A hard disk drive (HDD) or the like is used for the auxiliary storage device 13, and stores data such as programs for executing various types of processing. Various types of processing are implemented by loading a part of the programs stored in the auxiliary storage device 13 into the main storage device 12 and executing the loaded part of the programs in the CPU 11. The main storage device 12, the auxiliary storage device 13, and an external storage device and the like that can be accessed by the information processing device 100 are collectively referred to as a storage unit 130.
The input device 14 is used by a user to input various types of information necessary for the processing by the information processing device 100. The display device 15 displays various types of necessary information under the control of the CPU 11. The input device 14 and the display device 15 may be a user interface implemented by an integrated touch panel or the like. The communication I/F 17 performs communication through a network, for example, by wire or wirelessly. The communication by the communication I/F 17 is not limited to wireless or wired communication.
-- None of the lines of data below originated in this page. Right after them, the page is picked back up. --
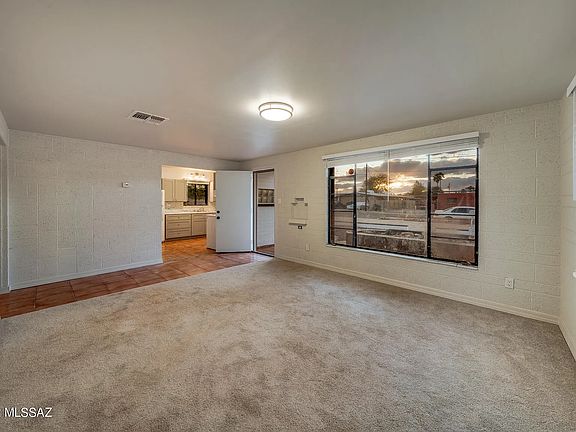 4th image of 2610 N Eastgate Dr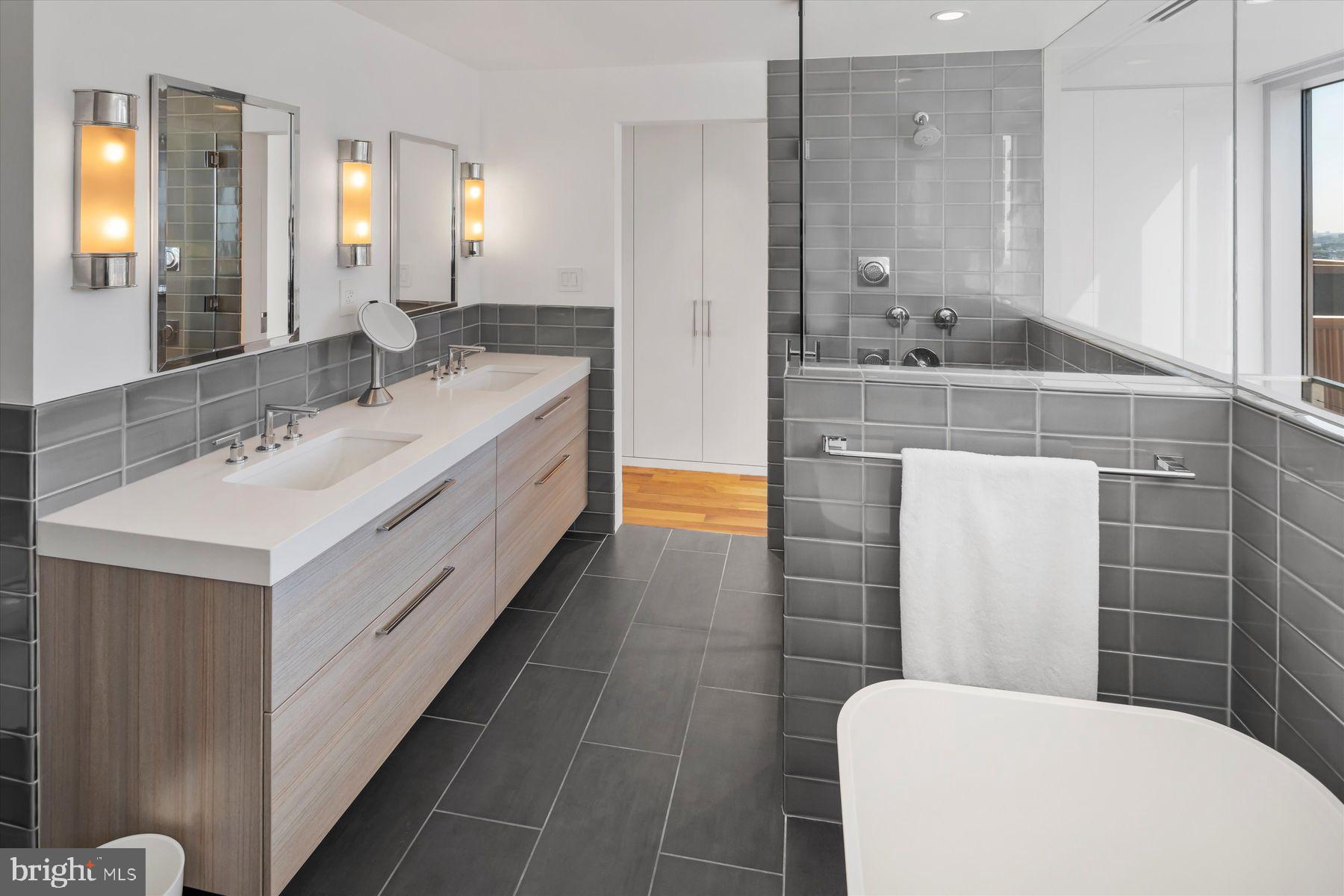 1101 Locust Street, Unit 11E Philadelphia, PA 19107 - Photo 37 of 46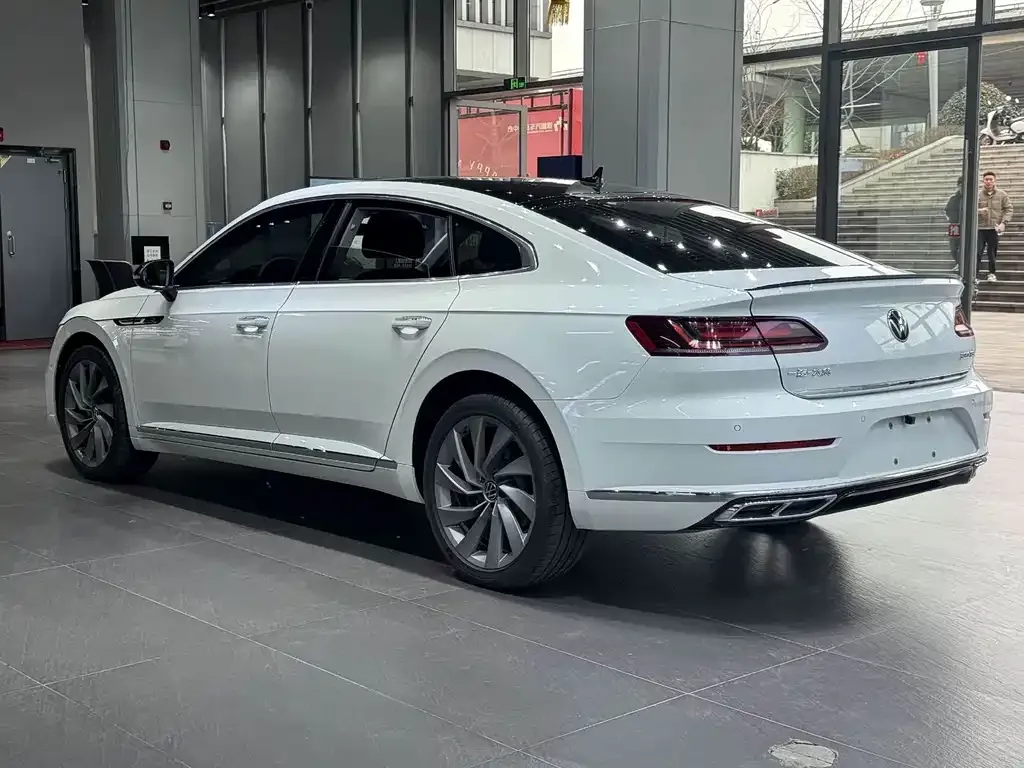Volkswagen CC 2022 из CN, фото 9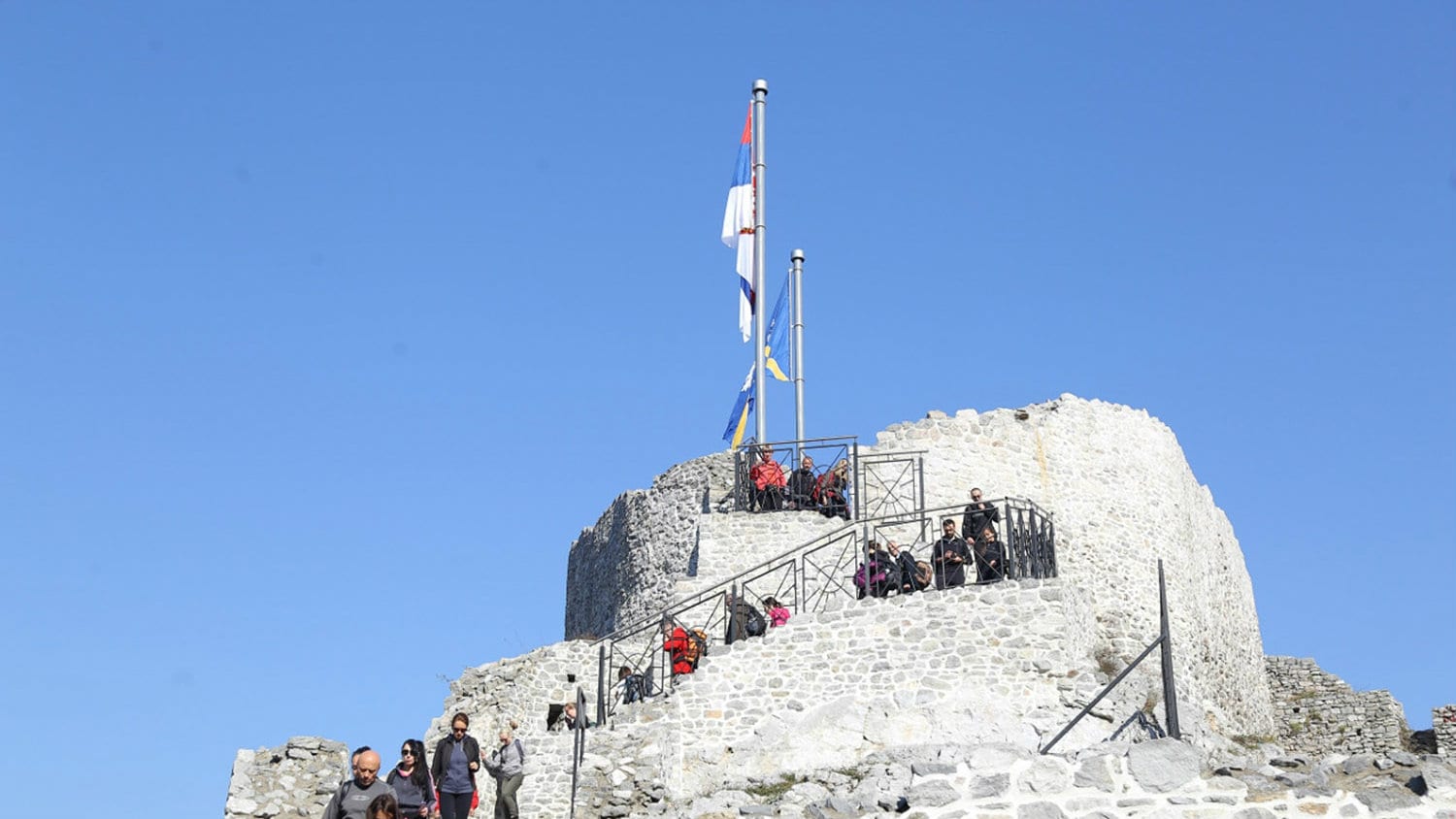 Zastave Srbije i Užica na jarbolima iznad užičkog Starog grada 1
The drive device 18 interfaces a storage medium 19 (for example, a compact disc read-only memory (CD-ROM)) set in the drive device 18 with the information processing device 100.
The program that implements the processing performed by the information processing device 100 is provided to the information processing device 100, for example, via the drive device 18 by the storage medium 19 such as a CD-ROM. Note that the storage medium 19 that stores the program is not limited to the CD-ROM, and only needs to be one or more non-transitory and tangible media having a computer-readable structure. Besides the CD-ROM, the computer-readable storage medium may be a digital versatile disk (DVD) disk, a portable recording medium such as a universal serial bus (USB) memory, or a semiconductor memory such as a flash memory.
An exemplary functional configuration of a machine learning unit to which the present embodiment is applied will be described.
Referring to
The prediction unit 71 receives an input of the input data 51, and executes prediction processing a to predict a target event. A parameter Pa is set in the prediction processing a. The input data 51 corresponds to training data (also referred to as training data). The parameter Pa indicates the parameter value for the prediction processing a. The output data 53 is output to the storage unit 130 by the prediction processing a, and the output data 53 indicates the prediction result. For simplicity, the prediction unit 71 will be described as performing only the prediction processing a, but may execute two or more types of processing.
The evaluation unit 73 evaluates the accuracy of the output data 53. The evaluation unit 73 accumulates the evaluation result 55 in the storage unit 130. The evaluation result 55 indicates a set of parameter values and an evaluation value. The accuracy of the output data 53 is performed by calculating a prediction error. As an example, a root mean squared error (RMSE) can be used.
The selection unit 80 selects the best parameter value 97 using a table in which the evaluation results 55 are accumulated (“evaluation result accumulation table 57” described later). The selection unit 80 sets the best parameter value 97 as the parameter Pa. The processing performed by the prediction unit 71, the evaluation unit 73, and the selection unit 80 is repeated with the newly set parameter Pa. When the difference between the previous parameter Pa and the current parameter Pa is equal to or less than a predefined determination value for determining whether or not convergence has been obtained, the current parameter Pa is adopted as an optimized Pa when prediction is actually made.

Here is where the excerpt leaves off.